1. Support for these builds is best effort, due to heavy use of `built-in
modules that are known to be thread-unsafe`_, such as ``ctypes``.
2. For now, you are responsible for making sure that calls into the ``cuda-bindings``
library are thread-safe. This is subject to change.

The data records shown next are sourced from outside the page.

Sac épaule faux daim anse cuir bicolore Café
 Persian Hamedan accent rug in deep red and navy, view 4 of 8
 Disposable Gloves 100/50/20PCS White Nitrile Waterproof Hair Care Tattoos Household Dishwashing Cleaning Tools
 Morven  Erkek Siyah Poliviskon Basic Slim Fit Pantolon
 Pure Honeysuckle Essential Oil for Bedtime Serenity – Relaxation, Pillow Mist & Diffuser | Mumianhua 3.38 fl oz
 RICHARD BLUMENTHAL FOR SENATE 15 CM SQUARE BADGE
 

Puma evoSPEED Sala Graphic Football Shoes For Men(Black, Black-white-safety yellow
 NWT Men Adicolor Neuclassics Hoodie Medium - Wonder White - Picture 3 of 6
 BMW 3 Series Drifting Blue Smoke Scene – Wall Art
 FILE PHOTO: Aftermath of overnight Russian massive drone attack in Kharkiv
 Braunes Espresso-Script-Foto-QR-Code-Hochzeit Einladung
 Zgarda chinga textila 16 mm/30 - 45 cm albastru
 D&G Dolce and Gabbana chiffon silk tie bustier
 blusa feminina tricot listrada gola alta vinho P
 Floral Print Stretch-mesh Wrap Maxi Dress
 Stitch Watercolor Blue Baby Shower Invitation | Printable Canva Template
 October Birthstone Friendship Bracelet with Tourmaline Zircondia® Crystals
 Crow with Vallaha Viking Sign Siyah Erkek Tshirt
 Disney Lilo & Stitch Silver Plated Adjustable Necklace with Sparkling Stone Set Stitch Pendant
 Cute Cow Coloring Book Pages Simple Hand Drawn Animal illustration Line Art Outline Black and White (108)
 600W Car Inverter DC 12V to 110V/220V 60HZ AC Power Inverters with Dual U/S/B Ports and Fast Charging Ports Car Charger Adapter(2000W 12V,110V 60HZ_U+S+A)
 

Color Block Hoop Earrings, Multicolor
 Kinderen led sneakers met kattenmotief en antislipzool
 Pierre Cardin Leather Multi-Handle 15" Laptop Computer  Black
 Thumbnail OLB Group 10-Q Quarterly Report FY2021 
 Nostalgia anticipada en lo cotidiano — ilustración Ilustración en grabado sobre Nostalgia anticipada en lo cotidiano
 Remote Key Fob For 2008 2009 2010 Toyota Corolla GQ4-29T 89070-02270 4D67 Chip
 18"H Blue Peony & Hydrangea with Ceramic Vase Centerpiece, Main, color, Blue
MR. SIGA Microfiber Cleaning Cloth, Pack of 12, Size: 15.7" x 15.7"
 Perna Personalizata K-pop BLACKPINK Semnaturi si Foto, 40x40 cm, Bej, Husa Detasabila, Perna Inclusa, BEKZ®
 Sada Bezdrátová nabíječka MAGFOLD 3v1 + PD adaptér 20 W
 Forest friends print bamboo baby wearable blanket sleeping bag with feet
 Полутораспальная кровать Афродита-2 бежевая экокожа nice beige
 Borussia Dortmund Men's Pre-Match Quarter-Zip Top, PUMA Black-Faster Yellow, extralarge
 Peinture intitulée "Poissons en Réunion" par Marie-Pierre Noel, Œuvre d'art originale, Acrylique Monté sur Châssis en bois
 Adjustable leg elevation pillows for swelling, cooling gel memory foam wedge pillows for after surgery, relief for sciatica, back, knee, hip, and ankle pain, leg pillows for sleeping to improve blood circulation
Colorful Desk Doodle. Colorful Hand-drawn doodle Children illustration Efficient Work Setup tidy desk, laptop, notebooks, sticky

.. _built-in modules that are known to be thread-unsafe: https://github.com/python/cpython/issues/116738
.. _free-threaded interpreter: https://docs.python.org/3/howto/free-threading-python.html
Installing from PyPI
--------------------
.. code-block:: console
$ pip install -U cuda-python
Install all optional dependencies with:
.. code-block:: console
$ pip install -U cuda-python[all]
Where the optional dependencies include:
* ``nvidia-cuda-nvrtc`` (NVRTC runtime compilation library)
* ``nvidia-nvjitlink`` (nvJitLink library)
* ``nvidia-nvvm`` (NVVM library)
* ``nvidia-cufile`` (cuFile library, Linux only)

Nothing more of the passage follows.